Winter Camping Or Snow Camping?

February 23, 2009

Winter camping is camping which takes place in winter weather, most people talk specifically about snow camping, when they mention winter camping, although it can also be referred to as cold weather camping.Winter camping offers a number of activities, in addition to camping itself.

A number of cold-weather or snow activities present challenges to everyone, such as cross-country skiing, ice skating, sledding, snow mobile, ice fishing, and snowboarding.Be aware of hazards with these activities.

Watch for snow conditions, hazardous terrain, thin ice,and emergency survival, are important issues for a safe and fun time.I like to take my atv on all my camping trips.
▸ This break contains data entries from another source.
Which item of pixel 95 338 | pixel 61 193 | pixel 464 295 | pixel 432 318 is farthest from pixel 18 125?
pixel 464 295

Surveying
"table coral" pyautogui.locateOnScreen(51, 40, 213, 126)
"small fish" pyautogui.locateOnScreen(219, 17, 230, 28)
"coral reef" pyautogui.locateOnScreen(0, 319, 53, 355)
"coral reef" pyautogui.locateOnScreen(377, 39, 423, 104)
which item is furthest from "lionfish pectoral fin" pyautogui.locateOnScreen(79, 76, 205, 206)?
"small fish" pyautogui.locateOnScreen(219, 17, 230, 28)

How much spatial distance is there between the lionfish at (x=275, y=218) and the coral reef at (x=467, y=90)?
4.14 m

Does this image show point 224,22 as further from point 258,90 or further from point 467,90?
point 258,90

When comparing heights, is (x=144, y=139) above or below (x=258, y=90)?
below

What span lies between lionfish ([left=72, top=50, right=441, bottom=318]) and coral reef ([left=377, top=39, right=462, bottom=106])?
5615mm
I like to drive miles on trails, looking at all the animals, birds and things.Most of the time my wife is with me and she packs up a nice picnic basket, full of stuff and we stop off the trail for lunch.It’s nice to spend time in nature with someone you love, even in the cold of winter with 10 inches of snow on the ground.

Winter camping can be a fun adventure, but use your head hypothermia is one of the biggest dangers, that winter campers face.You may be at risk for hypothermia, if you don’t dress properly for cold weather during the day and at night.Hypothermia can come on quickly, so you need to learn how to diagnose, and treat yourself, or others in order to prevent.

Signs
*Shivering
*Drowsiness or fatigue
*Stumbling
*Jumbled speech
*Loss of reasoning skills
*Blue skin
*Slow Heartbeat

Prevention
*Stay hydrated and eat high-energy food
*Wear appropriate clothing for the weather
*Avoid wet clothes
*Move around during day
*Watch for exhaustion
*Have each other monitor one another

Treatment
*Shelter victim from the elements and insulate from the ground
*Change from wet clothing into dry
*Place victim in warmed sleeping bag
*Apply body heat or heat from heaters
*Give warm drinks and high sugar foods.

I would like to recommend a 4-season camping tent, for winter time camping.Don’t forget your wicker picnic basket, for all your picnic lunches while on the trail.